PLA Officer: China Must Establish South China Sea ADIZ; Will “Fight When Appropriate”

Submitted by Zachary Zeck via The Diplomat,

A senior researcher and officer in China’s People’s Liberation Army said that establishing an Air Defense Identification Zone (ADIZ) is essential to China’s national interest.

“The establishment of another ADIZ over the South China Sea is necessary for China’s long-term national interest,” Senior Colonel Li Jie, a researcher at the PLA Navy’s Military Academy and frequent media commentator, said on Friday, according to a report in Reuters.

Li’s comment seemed to be slightly inconsistent with a statement from China’s Foreign Ministry back in February, which dismissed Japanese media reports that said China was preparing to establish a South China Sea ADIZ. That statement, however, seemed to leave open the possibility that China might do so in the future.

When initially announcing its East China Sea ADIZ, Chinese officials readily admitted that they intended to establish other ADIZ over other areas in the future.

Li’s remark came in the context of a discussion about remarks made by U.S. Captain James Fanell, director of intelligence and information operations at the US Pacific Fleet. As The Diplomat previously reported, at a recent U.S. Naval Institute conference Capt. Fanell said that the PLA had held a drill to practice defeating Japan’s Maritime Self Defense Forces in the East China Sea as a prelude to seizing the disputed Diaoyu/Senkaku Islands.

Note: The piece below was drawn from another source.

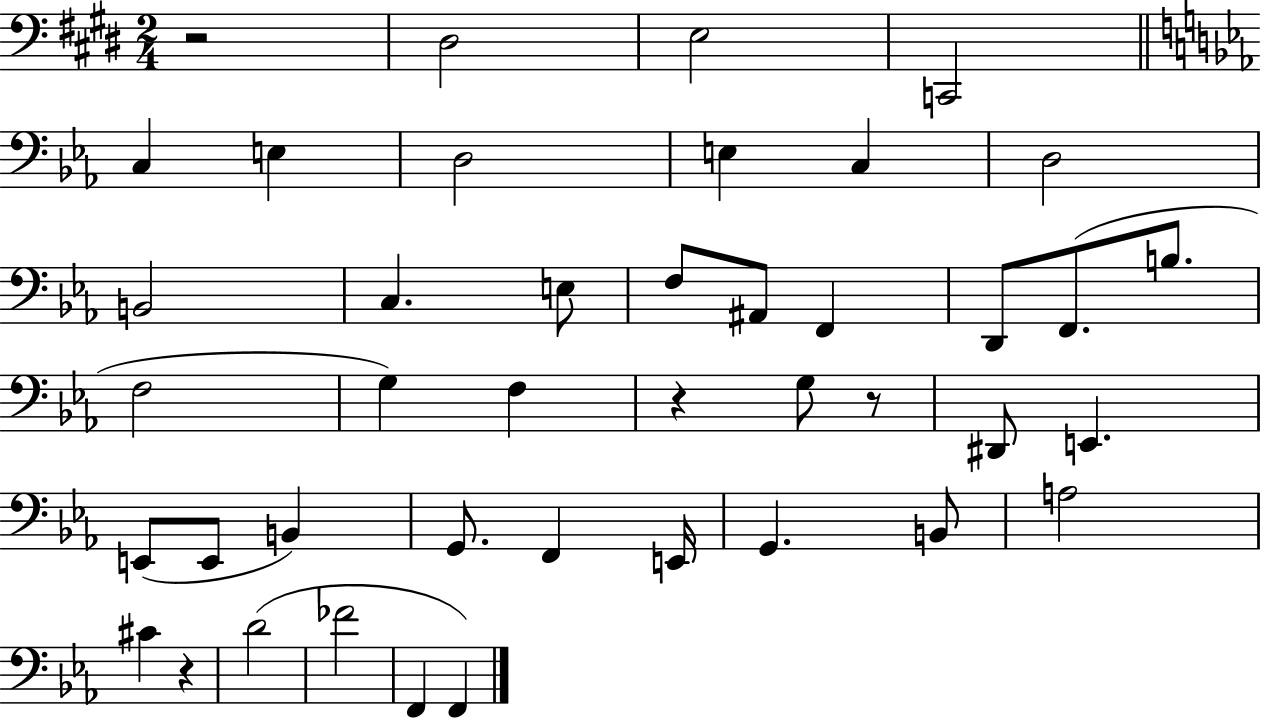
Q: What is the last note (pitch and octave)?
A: F2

In that same speech (see video below) Fanell also predicted that China would establish an ADIZ in the South China Sea by 2015 at the latest. Li characterized this remark as America’s attempt to deter China from establishing a South China Sea ADIZ.

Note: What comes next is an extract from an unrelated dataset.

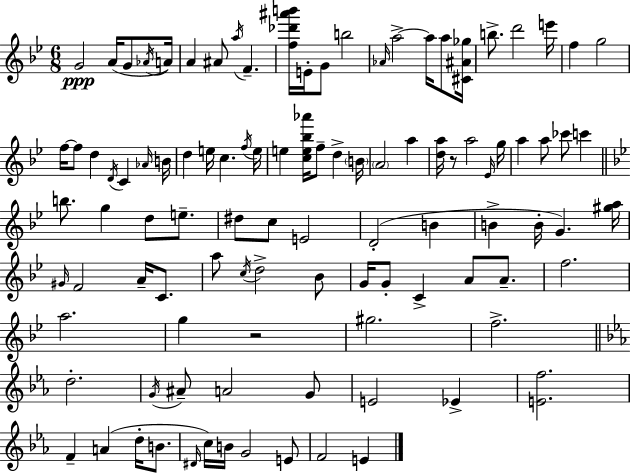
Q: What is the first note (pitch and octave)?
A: G4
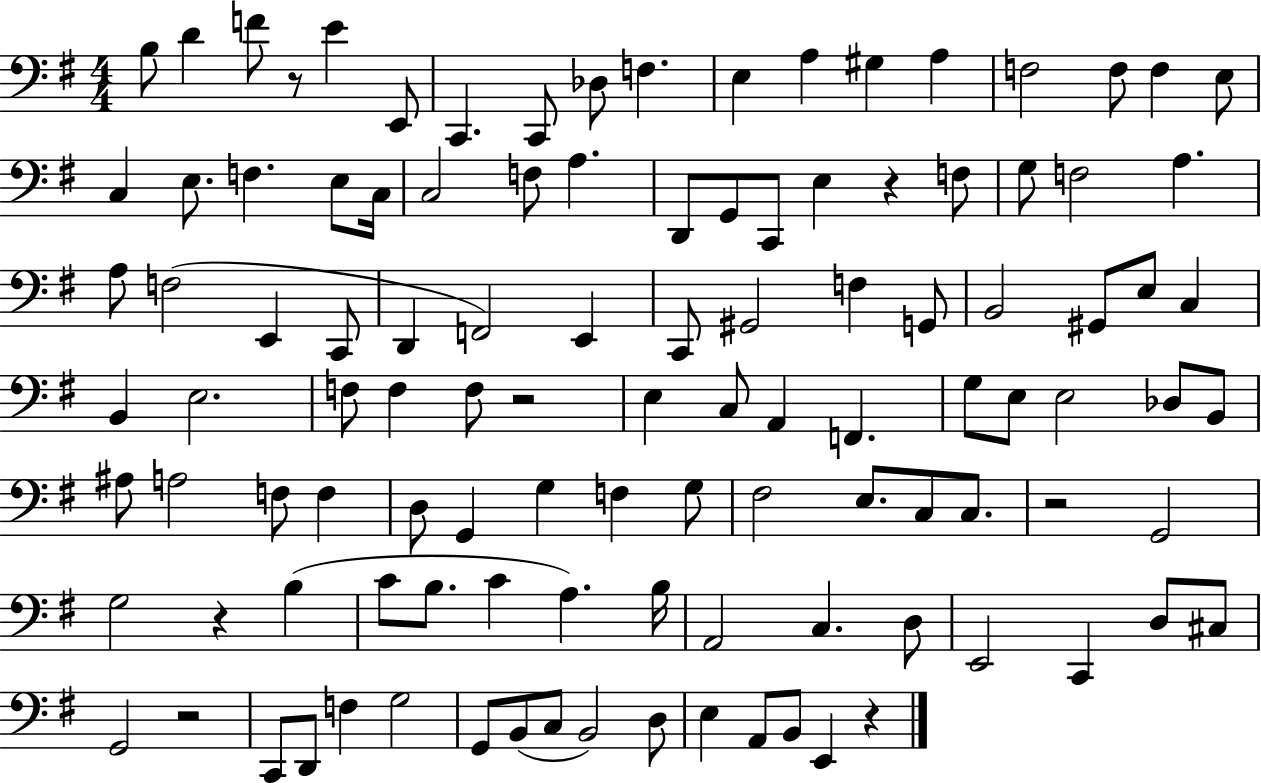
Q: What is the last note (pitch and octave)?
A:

On Thursday, however, the Pentagon distanced itself from Fanell’s remarks, with Pentagon spokesperson Rear Admiral John Kirby saying that “those were his views to express.” Kirby continued: “What I can tell you about what Secretary Hagel believes is that we all continue to believe that the peaceful prosperous rise of China is a good thing for the region, for the world.  We continue to want to improve our bilateral military relations with China.” Indeed, Army Chief of Staff Ray Odierno is currently in China meeting his PLA counterpart.

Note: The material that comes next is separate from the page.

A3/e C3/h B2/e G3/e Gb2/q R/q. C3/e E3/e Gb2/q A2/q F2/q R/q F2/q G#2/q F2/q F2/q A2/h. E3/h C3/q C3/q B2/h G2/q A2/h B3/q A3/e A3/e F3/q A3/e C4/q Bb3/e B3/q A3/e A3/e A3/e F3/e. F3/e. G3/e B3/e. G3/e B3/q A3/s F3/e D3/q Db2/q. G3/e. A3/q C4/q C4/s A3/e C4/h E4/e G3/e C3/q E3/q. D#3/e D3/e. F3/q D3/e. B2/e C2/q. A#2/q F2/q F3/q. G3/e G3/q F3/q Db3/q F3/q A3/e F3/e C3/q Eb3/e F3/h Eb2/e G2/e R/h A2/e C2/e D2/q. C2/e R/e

Li said that the Pentagon’s decision to distance itself from Fanell’s comments was a tactical move on the part of the U.S. “It’s a typical U.S. diplomatic strategy,” Li said, according to Reuters. “Washington is very concerned about the tension developing in the South China Sea, which will relate to its strategic interests.”

It’s worth noting that Rear Admiral Kirby distancing the Pentagon from Fanell’s remarks was likely referring in particular to the latter’s comments about China’s military forces training to defeat Japan’s MSDF in the East China Sea.

Fanell’s remark about China’s interest in establishing a South China Sea ADIZ was much less controversial and in fact broadly consistent with the comments made by numerous senior officials in recent months. As far back as last December, Secretary of State John Kerry stated: “Today, I raised our deep concerns about China’s announcement of an East China Sea Air Defense Identification Zone…. The zone should not be implemented, and China should refrain from taking similar unilateral actions elsewhere in the region, and particularly over the South China Sea.”

Here’s a video of the panel in which Capt. Fanell made his blunt assessment. Fanell begins speaking around the 19:00 minute mark, right after The Diplomat’s own Naval Diplomat gives his remarks, which we republished here.

 

and then this most recent note from sources

Chan Kai Yee of China Daily Mail, a blog with no connection to Beijing, Feb. 22, 2014, provides the following summary translation of an article in Qianzhan.com, a Chinese-language news site headquartered in the city of Shenzhen in China’s southeastern Guangdong province, with offices in Beijing and Hong Kong:

Quite a few people have said that the conflict over the Diaoyus (known as Senkakus in Japan) has passed the stage of oral confrontation and what follows may very probably be direct military conflict.

 

It is especially so as, relying on US support, Japan is obviously declaring war against China already.

 

Sources say that China’s Central Military Commission has directly given Chinese military the instruction: “Fight if it is appropriate to fight.”

 

Sources pointed out that they had received information that Xi Jinping, Chairman of the Central Military Commission, gave a relevant warning to a Japanese economic and trade delegation that recently visited China.

 

Xi specially pointed out to the delegation when he met them, if Japan kept provoking China and thus gave rise to an unstable situation, it alone has to be responsible for all the consequences.